» **TASK BRIEF**: When you reach the line containing "Verano Spanish Ceramics" in the entries below, begin reproducing lines exactly, and stop once the line containing "AUGUSTINIÁNSKÉ SKLEPY vybrané druhy 0,75l" is done.

──────── PROVIDED INFORMATION ────────

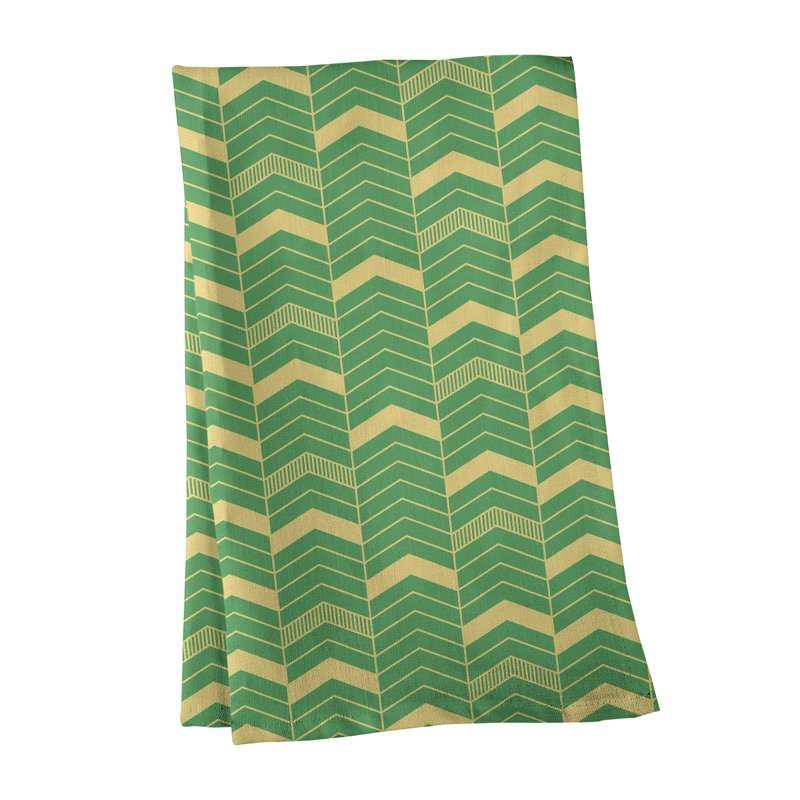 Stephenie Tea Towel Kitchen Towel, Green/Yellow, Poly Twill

────────
──────── PROVIDED INFORMATION ────────

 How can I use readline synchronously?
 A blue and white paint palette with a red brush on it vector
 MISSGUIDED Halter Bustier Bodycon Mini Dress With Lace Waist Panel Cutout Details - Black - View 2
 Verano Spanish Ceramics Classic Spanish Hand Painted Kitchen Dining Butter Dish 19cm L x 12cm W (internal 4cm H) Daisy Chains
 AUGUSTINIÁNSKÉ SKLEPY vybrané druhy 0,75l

────────

» **WRITTEN SOLUTION**:
 Verano Spanish Ceramics Classic Spanish Hand Painted Kitchen Dining Butter Dish 19cm L x 12cm W (internal 4cm H) Daisy Chains
 AUGUSTINIÁNSKÉ SKLEPY vybrané druhy 0,75l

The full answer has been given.